La Cour a également reconnu qu’il pourrait y avoir un argument en faveur de l’intervention de certaines ou de l’ensemble des parties défenderesses du secteur industriel à un certain moment au cours du litige, mais a expliqué que ce ne serait pas la même chose que d’être contrainte de prendre part à la revendication à titre de partie défenderesse.
Requête du gouvernement du Nouveau-Brunswick et renvois aux « personnes étrangères à la revendication »
En ce qui concerne la requête du gouvernement du Nouveau-Brunswick, la Cour a convenu que tout renvoi à des « personnes étrangères à la revendication » devait être retiré de l’argument plaidé, mais a rejeté le fait qu’elle n’avait pas compétence pour émettre une déclaration de titre ancestral relativement aux terres déjà détenues en fief simple. La Cour a autorisé la poursuite du litige en mettant l’accent sur le rôle de la Couronne dans le traitement des revendications des nations Wolastoqey à l’égard du titre ancestral.
La Cour a estimé que tout renvoi aux « personnes étrangères à la revendication » dans les arguments plaidés n’était pas pertinent et qu’il n’y avait aucun fondement juridique pour cela. La Cour a qualifié l’utilisation par les deux parties des renvois à des personnes étrangères de « commentaire à connotation politique extérieur à la salle d’audience ». La Cour a conclu que tout renvoi à des personnes étrangères n’était pas pertinent et qu’il n’y avait aucun fondement pour cela, puisqu’une déclaration a été revendiquée ou pourrait l’être contre les personnes étrangères pour les mêmes raisons que celles pour lesquelles une déclaration ne pouvait être invoquée contre les parties défenderesses du secteur industriel.
Intention du gouvernement du Nouveau-Brunswick d’entamer des négociations
La Cour a longuement discuté du rôle de la négociation et de la réconciliation dans les litiges portant sur les droits des Autochtones, et a déclaré que, dans les litiges de cette nature, une fois qu’un conflit est déterminé sur le plan factuel et juridique, un processus de réconciliation est déclenché à l’étape de la déclaration et des mesures correctives, ce qui sous-entend des considérations polycentriques de la part de la Couronne.
Possiblement en raison de cette stratégie, moins d’une semaine après, la Cour a publié sa décision et le cabinet du procureur général du Nouveau-Brunswick a demandé aux avocats représentant le gouvernement provincial de collaborer avec les avocats de la partie adverse et d’obtenir un accord dans le but de suspendre tout litige afin de permettre à la Couronne et aux Premières Nations de collaborer en vue de négocier le règlement de l’ensemble des revendications.

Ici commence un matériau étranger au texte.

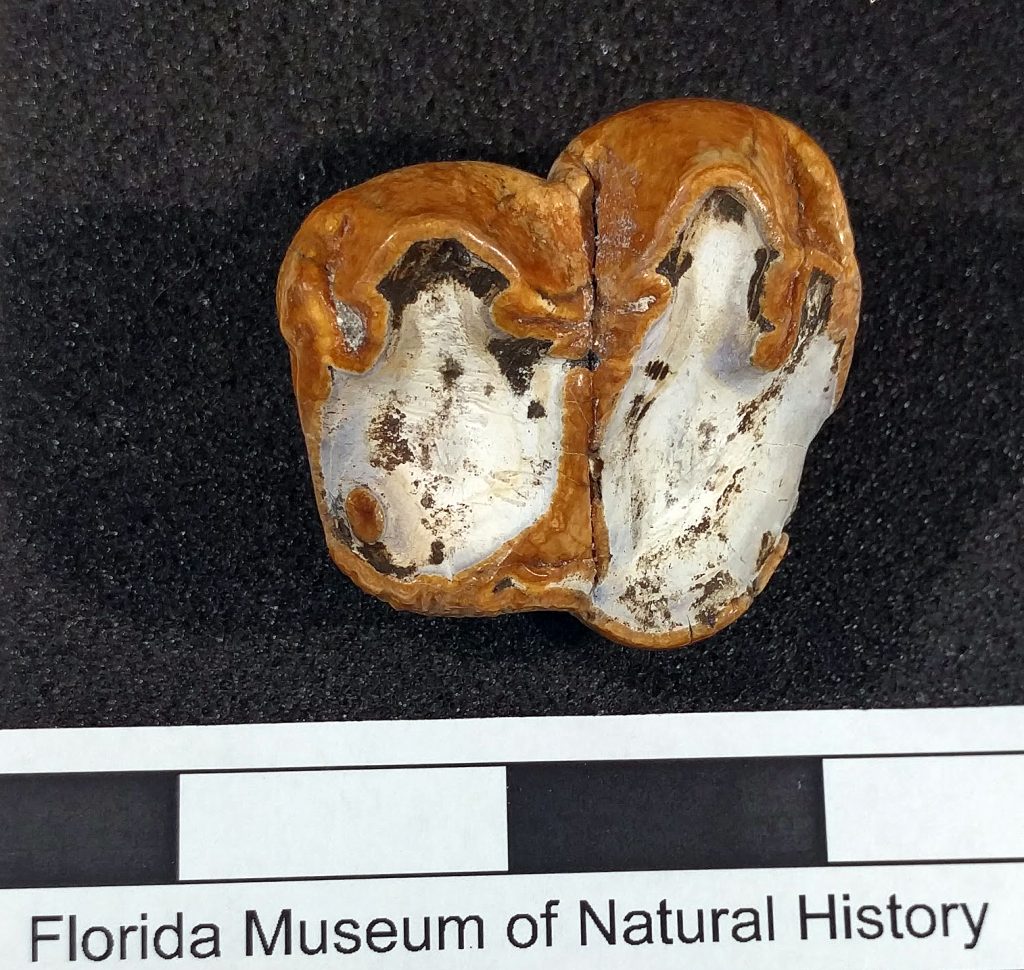 montbrook fossil dig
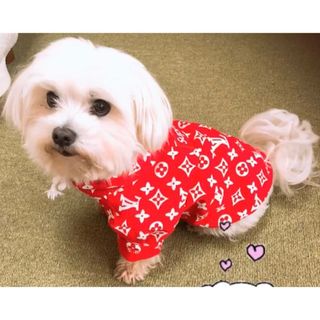 犬の服　1回室内で着用(犬)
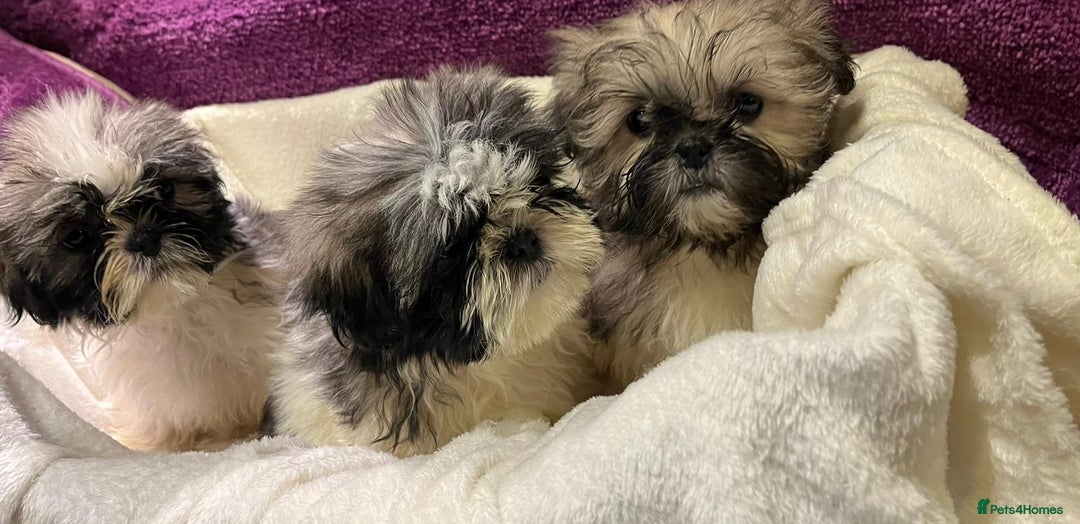 Shih Tzu dogs for sale: Shih Tzu puppy's - Advert 13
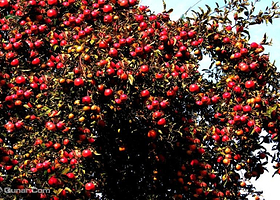 巴彦岱阿勒玛景区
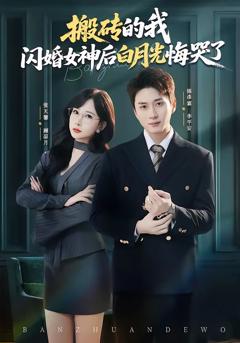 《搬砖的我，闪婚女神后白月光悔哭了》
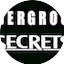 Logo Underground Secrets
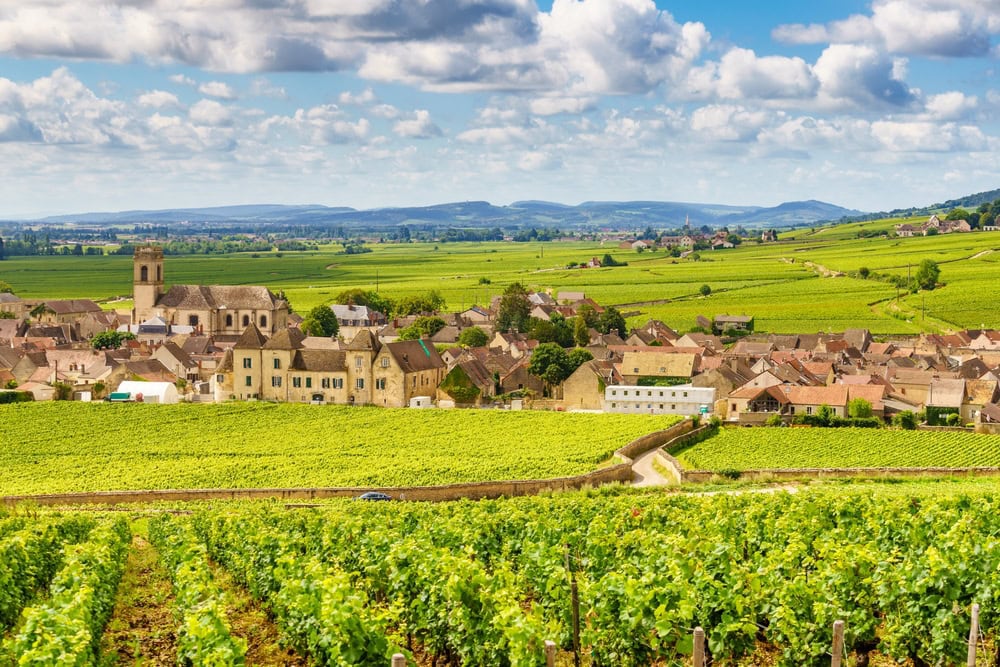 Voie des Vignes à vélo en Bourgogne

Aucun règlement n’avait encore été annoncé publiquement au moment de la publication du présent article.
[1] Les nations Wolastoqey comprennent la Nation Wolastoqey à Welamukotuk (Première Nation d’Oromocto), Sitansisk (Première Nation de Saint Mary’s), Pilick (Première Nation de Kingsclear), Wotstak (Première Nation de Woodstock), Neqotkuk (Première Nation de Tobique) et Matawaskiye (Première Nation malécite de Madawaska).